[Brief descriptive captions]
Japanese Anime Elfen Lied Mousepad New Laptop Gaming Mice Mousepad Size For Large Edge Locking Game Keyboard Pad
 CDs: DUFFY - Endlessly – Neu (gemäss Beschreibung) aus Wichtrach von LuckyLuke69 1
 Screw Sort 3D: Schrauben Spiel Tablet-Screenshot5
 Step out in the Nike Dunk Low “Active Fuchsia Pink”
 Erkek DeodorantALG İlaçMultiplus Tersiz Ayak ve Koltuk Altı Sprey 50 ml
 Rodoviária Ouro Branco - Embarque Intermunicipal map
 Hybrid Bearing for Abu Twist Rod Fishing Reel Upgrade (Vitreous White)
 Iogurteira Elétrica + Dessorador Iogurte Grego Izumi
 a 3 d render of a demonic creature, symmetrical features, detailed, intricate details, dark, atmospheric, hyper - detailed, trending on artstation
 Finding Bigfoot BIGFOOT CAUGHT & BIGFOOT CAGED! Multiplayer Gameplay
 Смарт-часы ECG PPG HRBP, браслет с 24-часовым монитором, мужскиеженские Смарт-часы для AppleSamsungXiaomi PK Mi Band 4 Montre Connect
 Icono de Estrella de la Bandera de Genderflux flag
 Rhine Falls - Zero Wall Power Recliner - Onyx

Exercise brief: Would you please repeat exactly the lines above, starting at the line with "Rodoviária Ouro Branco" and stopping at the line with "Icono de Estrella", both included?

Exercise answer:
 Rodoviária Ouro Branco - Embarque Intermunicipal map
 Hybrid Bearing for Abu Twist Rod Fishing Reel Upgrade (Vitreous White)
 Iogurteira Elétrica + Dessorador Iogurte Grego Izumi
 a 3 d render of a demonic creature, symmetrical features, detailed, intricate details, dark, atmospheric, hyper - detailed, trending on artstation
 Finding Bigfoot BIGFOOT CAUGHT & BIGFOOT CAGED! Multiplayer Gameplay
 Смарт-часы ECG PPG HRBP, браслет с 24-часовым монитором, мужскиеженские Смарт-часы для AppleSamsungXiaomi PK Mi Band 4 Montre Connect
 Icono de Estrella de la Bandera de Genderflux flag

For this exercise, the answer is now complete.